Sometimes your phone application lags, what you do? restart it. Similarly for the laptop or any electronics device. What this restart does that phone/electronics device start working again? It resets working memory(RAM).
If we watch performance issue, they are mainly related to the memory. Therefore, reducing memory usage or allocating less will definitely improve performance of any API.
Let’s brush over few concepts before moving ahead. what is value type and what is reference type? value type is value which lives on stack. Reference type is value which lives on managed heap. Eg: Struct for value type( Struct can be reference type as well but I will address that in another post) and Class/Object for reference type.
Okay Sumit we got this. Why you are telling about stack and managed heap? If you write in C, you have to manage your own memory (eg like allocate for array, free the space after use is done) whereas language like C#, Java they have Garbage Collector (GC) and memory management system to take care of cleaning and allocating the memory space(such languages take away complexity from programmers and GC does the heavy lifting). GC only operates on managed heap, when GC operates entire application shutdowns(remember lag I mentioned in the beginning of the post?The lag is because there is no enough memory and GC is aggressively trying to get free memory and run the program efficiently. This is why when we create new object in program, we need to give more thought to it). Anyways, so if GC operates on only managed heap, can we use stack so that there is no GC and more performance?YUSSS!!! we can exploit stack so that we can write high performing code. Only limitation one needs to take care of is stack is limited(1MB in .NET I guess) so we put lot of stuff on stack, we will get stack overflow error classic one!! 😁. To conclude one can say to avoid GC and lag by using stack but one needs to be careful how to use it.
Let’s benchmark code and see the results.
Example: In this example, we will create 1 lac record and process it. This example is trivial because if you are building ERP systems, data pipeline, machine learning APIs, you will have collection of records and you will need to process them.
From screenshot, we can see two method one is ProcessData() and ProcessDataStackVersion()
ProcessData() is classic method which we write, make a class ,create list out of it and fill the data.
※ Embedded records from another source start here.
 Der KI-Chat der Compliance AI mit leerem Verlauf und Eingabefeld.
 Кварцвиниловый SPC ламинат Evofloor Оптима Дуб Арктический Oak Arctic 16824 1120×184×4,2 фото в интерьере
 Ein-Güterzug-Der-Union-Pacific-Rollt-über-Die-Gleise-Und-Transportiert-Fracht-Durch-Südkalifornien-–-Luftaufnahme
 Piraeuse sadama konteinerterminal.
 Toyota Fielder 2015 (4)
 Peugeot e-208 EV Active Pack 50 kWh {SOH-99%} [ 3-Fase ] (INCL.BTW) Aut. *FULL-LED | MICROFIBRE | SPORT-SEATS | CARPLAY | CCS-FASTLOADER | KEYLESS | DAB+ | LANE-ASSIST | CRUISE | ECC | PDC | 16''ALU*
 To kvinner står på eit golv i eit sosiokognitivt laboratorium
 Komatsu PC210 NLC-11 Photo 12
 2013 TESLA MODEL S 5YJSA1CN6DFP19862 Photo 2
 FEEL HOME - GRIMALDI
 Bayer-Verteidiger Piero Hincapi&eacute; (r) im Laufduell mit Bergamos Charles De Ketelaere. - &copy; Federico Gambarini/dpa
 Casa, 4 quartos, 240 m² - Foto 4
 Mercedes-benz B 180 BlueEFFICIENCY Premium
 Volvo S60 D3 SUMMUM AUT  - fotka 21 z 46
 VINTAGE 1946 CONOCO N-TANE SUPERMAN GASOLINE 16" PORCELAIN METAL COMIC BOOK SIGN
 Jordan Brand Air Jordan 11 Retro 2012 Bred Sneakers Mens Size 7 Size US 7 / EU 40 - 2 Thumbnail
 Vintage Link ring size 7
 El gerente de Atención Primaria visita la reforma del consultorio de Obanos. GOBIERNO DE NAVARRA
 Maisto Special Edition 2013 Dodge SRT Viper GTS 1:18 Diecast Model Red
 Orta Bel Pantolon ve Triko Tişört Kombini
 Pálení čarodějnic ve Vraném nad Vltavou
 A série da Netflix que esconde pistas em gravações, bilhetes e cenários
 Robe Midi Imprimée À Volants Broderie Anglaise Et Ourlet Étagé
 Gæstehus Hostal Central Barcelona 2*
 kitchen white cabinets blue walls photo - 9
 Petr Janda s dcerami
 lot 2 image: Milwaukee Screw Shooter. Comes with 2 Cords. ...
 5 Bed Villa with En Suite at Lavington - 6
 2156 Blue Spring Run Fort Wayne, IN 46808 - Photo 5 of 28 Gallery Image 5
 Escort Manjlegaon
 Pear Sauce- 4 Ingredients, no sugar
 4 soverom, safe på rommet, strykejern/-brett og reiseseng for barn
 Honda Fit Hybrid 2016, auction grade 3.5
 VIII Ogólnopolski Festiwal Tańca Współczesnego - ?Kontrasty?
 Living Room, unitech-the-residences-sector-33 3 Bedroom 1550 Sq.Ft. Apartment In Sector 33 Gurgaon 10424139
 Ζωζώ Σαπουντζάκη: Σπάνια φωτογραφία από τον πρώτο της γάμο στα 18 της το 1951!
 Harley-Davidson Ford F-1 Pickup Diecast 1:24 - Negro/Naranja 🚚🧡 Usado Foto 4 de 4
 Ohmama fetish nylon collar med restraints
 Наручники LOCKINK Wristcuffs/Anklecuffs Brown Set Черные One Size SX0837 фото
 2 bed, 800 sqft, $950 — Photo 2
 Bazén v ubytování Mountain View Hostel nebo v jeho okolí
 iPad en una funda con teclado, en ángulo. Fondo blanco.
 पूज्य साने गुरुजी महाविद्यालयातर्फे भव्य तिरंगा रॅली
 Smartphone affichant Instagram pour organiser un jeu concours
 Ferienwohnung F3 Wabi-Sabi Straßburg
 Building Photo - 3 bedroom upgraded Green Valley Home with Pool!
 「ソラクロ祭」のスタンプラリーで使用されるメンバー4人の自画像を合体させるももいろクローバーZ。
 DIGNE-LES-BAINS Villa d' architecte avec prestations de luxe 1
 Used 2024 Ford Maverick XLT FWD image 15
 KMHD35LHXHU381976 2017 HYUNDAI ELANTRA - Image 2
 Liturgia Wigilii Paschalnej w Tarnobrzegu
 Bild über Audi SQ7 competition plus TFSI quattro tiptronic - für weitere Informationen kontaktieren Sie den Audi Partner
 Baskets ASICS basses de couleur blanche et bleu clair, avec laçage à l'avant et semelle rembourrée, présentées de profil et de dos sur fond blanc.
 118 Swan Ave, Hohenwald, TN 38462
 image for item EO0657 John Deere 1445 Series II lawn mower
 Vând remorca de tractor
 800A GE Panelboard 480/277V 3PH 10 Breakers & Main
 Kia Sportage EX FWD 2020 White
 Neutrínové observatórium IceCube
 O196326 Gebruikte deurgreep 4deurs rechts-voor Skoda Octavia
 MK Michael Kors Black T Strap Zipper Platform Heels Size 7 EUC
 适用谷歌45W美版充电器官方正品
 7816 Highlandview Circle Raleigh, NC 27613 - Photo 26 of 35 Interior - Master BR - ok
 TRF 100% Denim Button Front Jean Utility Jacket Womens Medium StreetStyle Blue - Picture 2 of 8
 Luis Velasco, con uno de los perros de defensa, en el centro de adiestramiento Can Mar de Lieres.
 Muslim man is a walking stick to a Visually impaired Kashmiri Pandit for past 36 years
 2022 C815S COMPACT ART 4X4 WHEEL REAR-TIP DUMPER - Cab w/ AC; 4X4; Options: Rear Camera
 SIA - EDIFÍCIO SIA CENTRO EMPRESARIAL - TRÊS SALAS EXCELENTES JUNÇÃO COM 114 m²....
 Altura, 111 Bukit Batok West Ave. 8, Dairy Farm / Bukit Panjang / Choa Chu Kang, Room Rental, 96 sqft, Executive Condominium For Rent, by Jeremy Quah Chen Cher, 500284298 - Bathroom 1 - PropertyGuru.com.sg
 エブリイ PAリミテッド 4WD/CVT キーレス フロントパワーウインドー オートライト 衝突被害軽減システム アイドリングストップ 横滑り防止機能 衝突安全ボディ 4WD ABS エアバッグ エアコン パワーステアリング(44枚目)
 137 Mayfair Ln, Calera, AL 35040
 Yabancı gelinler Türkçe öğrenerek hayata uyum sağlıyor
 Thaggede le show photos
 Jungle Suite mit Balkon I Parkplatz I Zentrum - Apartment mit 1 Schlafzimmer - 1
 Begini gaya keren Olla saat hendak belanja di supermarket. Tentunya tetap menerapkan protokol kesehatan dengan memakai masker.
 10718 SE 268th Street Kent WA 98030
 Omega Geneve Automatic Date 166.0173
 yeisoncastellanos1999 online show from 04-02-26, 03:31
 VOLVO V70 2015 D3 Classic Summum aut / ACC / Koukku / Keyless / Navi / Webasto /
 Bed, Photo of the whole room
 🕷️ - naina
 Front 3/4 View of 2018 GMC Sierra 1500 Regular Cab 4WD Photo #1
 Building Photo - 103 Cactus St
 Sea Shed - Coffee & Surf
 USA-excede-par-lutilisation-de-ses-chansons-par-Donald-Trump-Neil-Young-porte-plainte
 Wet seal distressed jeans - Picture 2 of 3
ProcessDataStackVersion() is little different we are using stackalloc to allocate space on stack and using struct we are defining datatypes that are stack only. ProcessData() will allocate on heap and GC will be triggered to clean this memory whereas ProcessDataStackVersion () will allocate on stack ,No GC will be triggered.
From screenshot , you can see ProcessData() version takes 9106 microseconds and ProcessDataStackVersion () version takes 784.3 microseconds ( almost 10x faster than classic one). Gen 0,1,2(I will explain it in separate post what this is) and allocated memory is zero for ProcessDataStackVersion () as everything is allocated on stack(nothing on heap. Sometimes this is referred as zero allocation (as there is no allocation on heap) ). This way we allocated less and performance got improved🚀🚀🚀.
These days writing API which works and scales on cloud is trivial but writing efficient one which consumes less resources and not causing too much cloud billing is still an art 😁
Hope you enjoyed reading this article!!!